Il s’agit en fait d’un recueil d’articles publiés entre 1994 et 2006 dans les revues The New Republic, The New York Review of Books, The Nation, Ha’aretz, The London Review of Books et Foreign Affairs. Ainsi que l’annonce l’auteur au début d’une introduction substantielle, « ils couvrent un large éventail de sujets — des marxistes français à la politique étrangère de l’Amérique, de l’économie de la
mondialisation à la mémoire du mal — et un large espace géographique,
de la Belgique à Israël. Mais ils répondent à deux préoccupations
dominantes. La première est le rôle des idées et la responsabilité
des intellectuels. Le tout premier essai repris ici traite d’Albert
Camus, le plus récent est consacré à Leszek Kołakowski. Ma seconde
préoccupation est la place de l’histoire récente dans une ère d’oubli :
la difficulté que nous avons à dégager un sens du siècle troublé qui
vient de s’achever et à en tirer les leçons » (p. 13). La pensée est
claire, le style direct et la lecture agréable (malgré un petit nombre
de passages où la traduction a dû être mal retranscrite).
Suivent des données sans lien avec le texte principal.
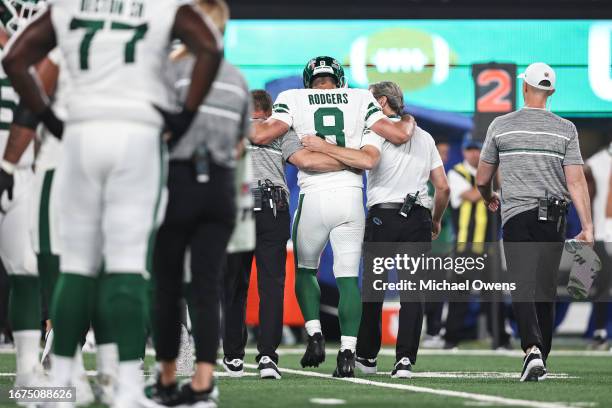 Aaron Rodgers of the New York Jets is helped off the field for an apparent injury during a game against the Buffalo Bills at MetLife Stadium on...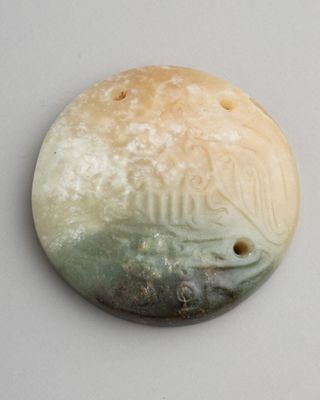 une photo d'un objet blanc et vert posé sur une surface blanche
Les deux premières parties du livre, intitulées « Le cœur des ténèbres »
et « La politique de l’engagement intellectuel », réunissent des
monographies consacrées à des personnages : Arthur Koestler, Primo
Levi, Manès Sperber et Hannah Arendt pour la première, Albert Camus,
Louis Althusser, Eric Hobsbawm, Leszek Kołakowski, Jean-Paul II et
Edward Said pour la seconde, dans un style assez proche de celui
des « Vies politiques » de Hannah Arendt.
Il n’est pas surprenant que « Le cœur des ténèbres » soit occupé par
quatre intellectuels juifs qui vécurent à l’époque des grandes tueries
européennes, et qui, parmi les premiers, tentèrent, à l’époque avec
peu de succès, d’attirer l’attention de leurs contemporains sur
l’ampleur et la nature extraordinaires des crimes des régimes nazi et
soviétique. À l’occasion, chaque fois, de la parution d’un livre écrit
par le personnage en question, ou consacré à lui, Judt fait appel à
une érudition sans faille pour une analyse en profondeur.
Hannah Arendt
Depuis quelques années il semble de bon ton de dévaluer l’œuvre de
Hannah Arendt en montant en épingle des erreurs anecdotiques ou des
analyses discutables mais relatives à des points particuliers : en
réalité, peut-on soupçonner, parce que l’intelligentsia française ne
supporte toujours pas que l’assassinat de dizaines de millions de
personnes par le régime soviétique ait été mis rigoureusement en
parallèle, par elle, avec les crimes nazis, et aussi parce que sa
critique de l’establishment sioniste et israélien lors du procès
d’Eichmann n’a pas été acceptée par les milieux pro-israéliens.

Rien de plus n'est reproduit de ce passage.